4.6. Multi-Threading

4.6.1. Threads in Vala

A program written in Vala may have more than one thread of execution, allowing it it do more than one thing at a time. Exactly how this is managed is outside of Vala’s scope - threads may be sharing a single processor core or not, depending on the environment.

A very simplified example:

void thread_func() {
    stdout.printf("child_thread is running.\n");
}

void main() {
    if (!Thread.supported()) {
        error("Cannot run without thread support.\n");
    }
    var thread = new Thread<void> ("child_thread", thread_func);
    stdout.printf("main_thread is running");
}

Note

Notice the test at the start of the main method.

Originally, UNIX did not have threads, which means some traditional UNIX APIs are problematic in threaded programs.

Using this test could check whether the currnt environment supports threads.

In most cases, it can be omitted.

Now look at the following statement:

var thread = new Thread<void> ("new_thread", thread_func);

We create a new thread and it will start immediately. The first argument is its name,the second one is the content of the new thread. The generic parameter is the type of value which a thread returns.

The program will still not act as we expected, because we just Without any sort of event loop, a Vala program will terminate when its primary/root/parent thread (the one created to run “main”) ends. In order to control this behaviour, you can allow threads to cooperate. This can be done powerfully using event loops and asynchronous queues, but in this introduction to threading we will just show the basic capabilities of threads.

The child thread will be killed if its primary/parent thread has finished. According to this fact, we should tell the primary thread to wait for child threads to finish, by invoking a method join in module Thread.

// ......
var thread = new Thread<void> ("child_thread", thread_func);
stdout.printf("main_thread is running");
thread.join();   // Note

Because of the method join, the primary thread has to wait for child thread to finish.

What’s more, it is possible for a thread to tell the system that it currently has no need to execute, and thereby suggest that another thread should be run instead, this is done using the static method Thread.yield(). If this statement was placed at the end of the above main method, the runtime system will pause the main thread for an instant and check if there are other threads that can be run - on finding the newly created thread in a runnable state, it will run that instead until it is finished - and the program will act is it appears it should. However, there is no guarantee that this will happen still. The system is able to decide when threads run, and as such might not allow the new thread to finish before the primary thread is restarted and the program ends.

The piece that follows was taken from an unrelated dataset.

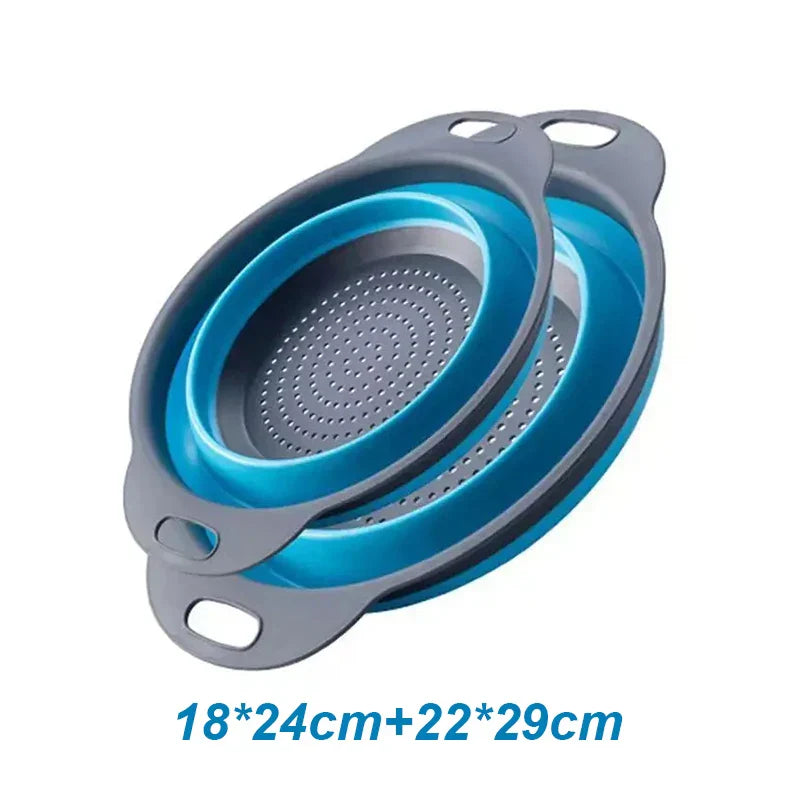 2Pcs Silicone Folding Strainer Basket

All these examples have a potential problem, in that the newly created thread doesn’t know the context in which it should run. In C you would supply the thread creation method with some data, in Vala instead you would normally pass an instance method, instead of a static method.

More samples in Threading Samples.

4.6.2. Resource Control

Whenever more than one thread of execution is running simultaneously, there is a chance that data are accessed simultaneously. This can lead to race conditions, where the outcome depends on when the system decides to switch between threads.

In order to control this situation, you can use the lock keyword to ensure that certain blocks of code will not be interrupted by other threads that need to access the same data. The best way to show this is probably with an example:

public class Test : GLib.Object {

    private int a { get; set; }

    public void action_1() {
        lock (a) {
            int tmp = a;
            tmp++;
            a = tmp;
        }
    }

    public void action_2() {
        lock (a) {
            int tmp = a;
            tmp--;
            a = tmp;
        }
    }
}

This class defines two methods, where both need to change the value of “a”. If there were no lock statements here, it would be possible for the instructions in these methods to be interweaved, and the resulting change to “a” would be effectively random. As there are the lock statements here, Vala will guarantee that if one thread has locked “a”, another thread that needs the same lock will have to wait its turn.

In Vala it is only possible to lock members of the object that is executing the code. This might appear to be a major restriction, but in fact the standard use for this technique should involve classes that are individually responsible for controlling a resource, and so all locking will indeed be internal to the class. Likewise, in above example all accesses to “a” are encapsulated in the class.